He was a great whip, that man David Parish, who had built a big mansion at Ogdensburg and owned so much of the north country those days. He was a gentleman when the founders of the proud families of to-day were dickering in small merchandise. Indeed, one might look in vain for such an establishment as his north of Virginia. This side the Atlantic there was no stable of horses to be compared with that he had—splendid English thoroughbreds, the blood of which is now in every great family of American horses. And, my faith! he did love to put them over the road.

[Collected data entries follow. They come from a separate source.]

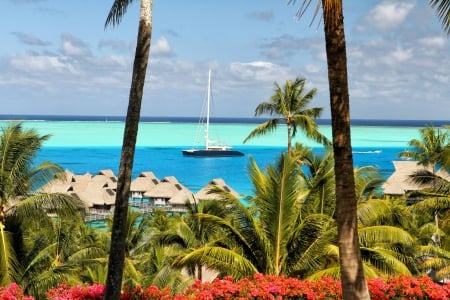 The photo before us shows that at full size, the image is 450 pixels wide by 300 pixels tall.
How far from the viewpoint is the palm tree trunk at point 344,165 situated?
4910 mm

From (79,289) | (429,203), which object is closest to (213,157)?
(429,203)

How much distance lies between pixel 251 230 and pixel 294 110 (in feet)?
48.8

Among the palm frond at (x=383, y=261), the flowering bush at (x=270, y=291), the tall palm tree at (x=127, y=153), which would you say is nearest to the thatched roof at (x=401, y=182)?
the palm frond at (x=383, y=261)

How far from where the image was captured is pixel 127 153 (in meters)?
6.99

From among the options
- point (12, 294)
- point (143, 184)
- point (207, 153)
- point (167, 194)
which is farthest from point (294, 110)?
point (207, 153)

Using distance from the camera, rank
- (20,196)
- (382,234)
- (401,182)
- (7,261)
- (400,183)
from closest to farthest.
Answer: (382,234)
(7,261)
(20,196)
(400,183)
(401,182)

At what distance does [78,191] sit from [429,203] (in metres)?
33.0

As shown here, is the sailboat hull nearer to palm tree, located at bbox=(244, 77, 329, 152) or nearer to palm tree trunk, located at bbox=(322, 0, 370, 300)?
palm tree, located at bbox=(244, 77, 329, 152)

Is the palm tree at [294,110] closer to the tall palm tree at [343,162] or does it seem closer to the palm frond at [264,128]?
the palm frond at [264,128]

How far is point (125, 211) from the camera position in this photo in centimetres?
686

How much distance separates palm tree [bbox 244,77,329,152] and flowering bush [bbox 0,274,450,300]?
1567cm

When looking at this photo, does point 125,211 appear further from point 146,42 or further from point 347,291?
point 347,291

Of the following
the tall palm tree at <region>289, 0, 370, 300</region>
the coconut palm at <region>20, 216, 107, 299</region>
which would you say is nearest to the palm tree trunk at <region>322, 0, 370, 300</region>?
the tall palm tree at <region>289, 0, 370, 300</region>

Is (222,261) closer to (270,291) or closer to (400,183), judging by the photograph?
(270,291) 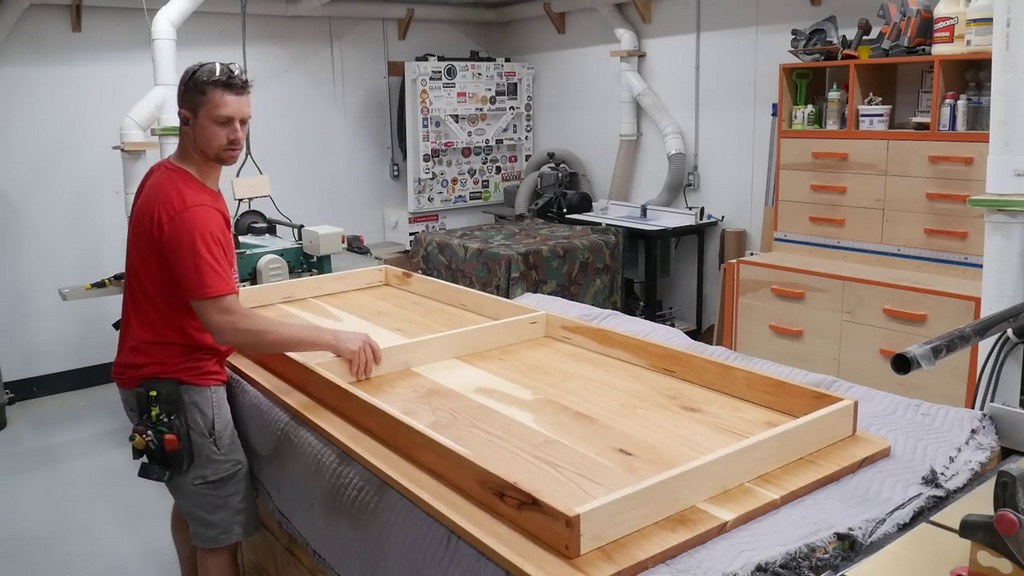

He went tearing up hill and down at a swift gallop, and the roads were none too smooth in that early day. Before leaving home he had sent relays ahead to await his coming every fifteen miles of the journey: he always did that if he had far to go. This time he had posted them clear to the Harbor. The teams were quickly shifted; then we were off again with a crack of the whip and a toot of the long horn. He held up in the swamps, but where footing was fair, the high-mettled horses had their heads and little need of urging. We halted at an inn for a sip of something and a bite to eat.
“Parish,” said the general, rising on stiffened legs, “I like your company and I like your wine, but your driving is a punishment.”
D’ri was worn out with lack of sleep and rest, but he had hung doggedly to his saddle.
“How do you feel?” I asked him as we drew up on each side of the coach.
“Split t’ the collar,” said he, soberly, as he rested an elbow on his pommel.
We got to headquarters at five, and turned over the prisoners. We had never a warmer welcome than that of the colonel.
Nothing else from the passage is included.